Boaters are in for some changes on Lake of the Ozarks. As one of his final acts before stepping down as governor, Eric Greitens signed into law a bill that changes the fines for lifejacket and no-wake violations and implements new guidelines for creating no-wake areas in certain size coves for larger boats.

 Boaters are in for some changes on Lake of the Ozarks. As one of his final acts before stepping down as governor, Eric Greitens signed into law a bill that changes the fines for lifejacket and no-wake violations and implements new guidelines for creating no-wake areas in certain size coves for larger boats.

The new law will reduce the fines for lifejacket and no-wake violations, such as within 100 feet of a dock, to $25 with no court costs. The current cost is over $100.

The new fines will take effect once the bill becomes law in August.

The intent is to encourage citations for lifejacket and no-wake violations that are reasonable to make more of a boater education effort to emphasize the importance of lifejackets and slowing down in no-wake areas.

The portion of the law expected to draw the most interest is the section that will allow the Water Patrol Division to issue no-wake permits for coves that are 800 feet or less at the mouth at the main channel.

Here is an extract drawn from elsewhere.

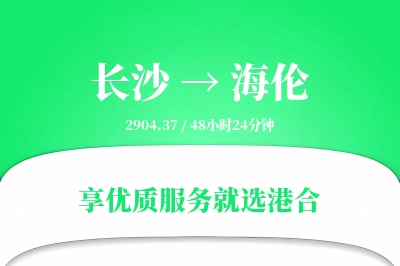 长沙到海伦物流专线-长沙至海伦货运公司2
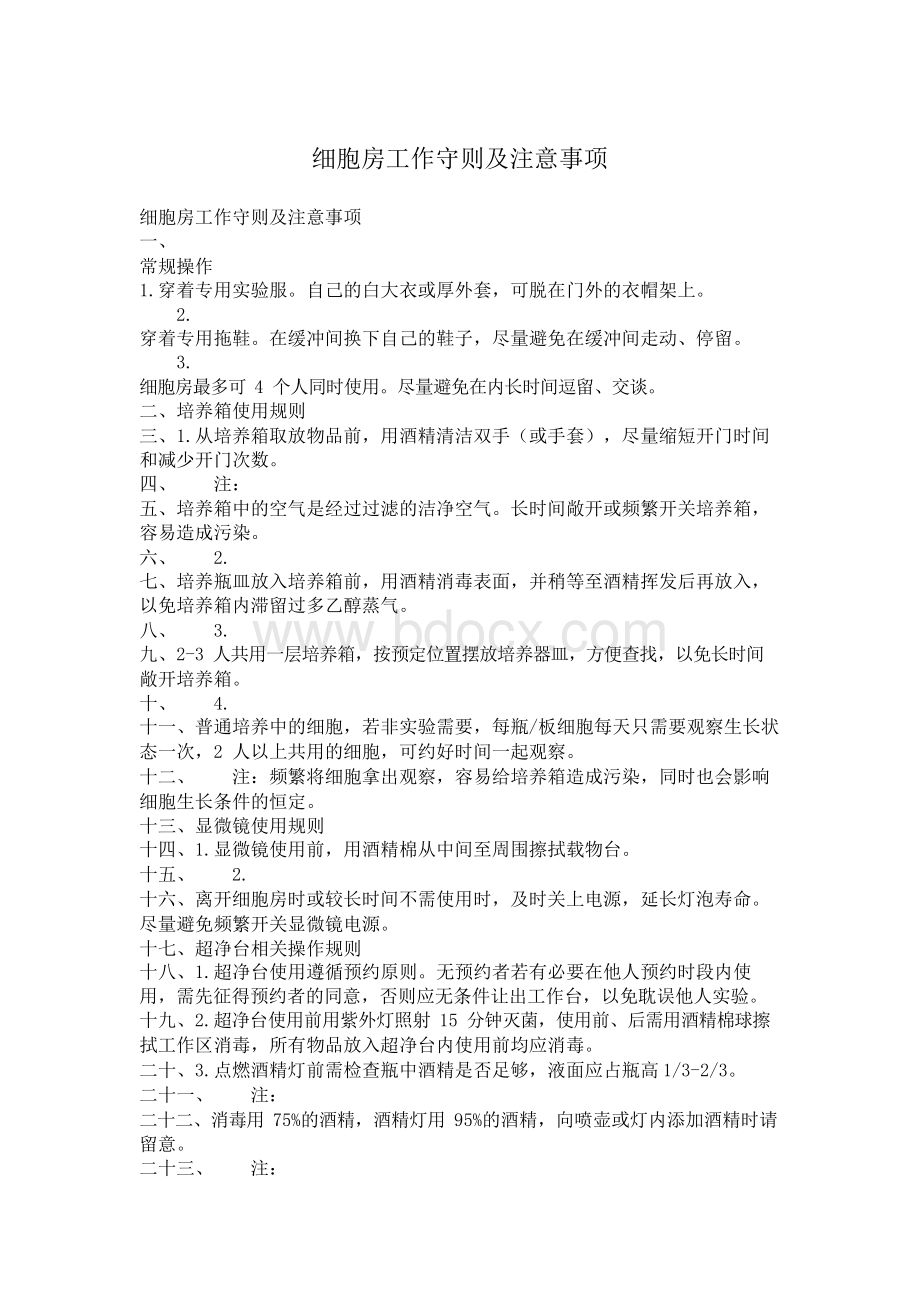 细胞房工作守则及注意事项.docx_第2页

The no-wake in those coves will only apply to larger boats, 40-foot or over in length. In order to issue the permits, residents in the cove will have to go through a petition process.

When that will happen is unclear. According to the water patrol division, there are a number of steps that will need to be taken before the state will start looking at issuing any new permits.

Water Patrol Division Capt. Matt Walz said the process could take several months, which is not unusual when it comes to developing new rules.

“The amendment to RSMo 306.125 (the new no wake cove legislation) requires rules to be promulgated by the Department of Public Safety,” he said.  “No action can be taken on this new law until those state rules have been created and approved through the code of state regulations process. The rules are needed to provide the details on how these applications would be processed and how such coves would be marked.”

Walz said once the rules are finalized, the water patrol division will begin implementing the process. He said it is too soon to say if the water patrol division will continue the practice of holding public hearings before issuing permits for the no-wake requests but, at this point, it is most likely.  

About the law:

House Bill 2116, introduced by Rep. Robert Ross (R-District 142), was passed by the Missouri House and Senate. The original bill was aimed at exempting certain types of vessels from provisions prohibiting passengers from riding in certain areas of a motorized boat. Specifically the exemption applied to certain vessels propelled by outboard jet motors operating on non-impounded waterways from the passenger seating, guard and rail provisions.

The legislation was amended to include portions of HB 1591, introduced by Rep. David Wood (R-District 58). The portions of Wood’s bill included in the amended version of HB 2116 reduce certain fines and address no wake provisions in certain coves for boats 40-foot long or larger.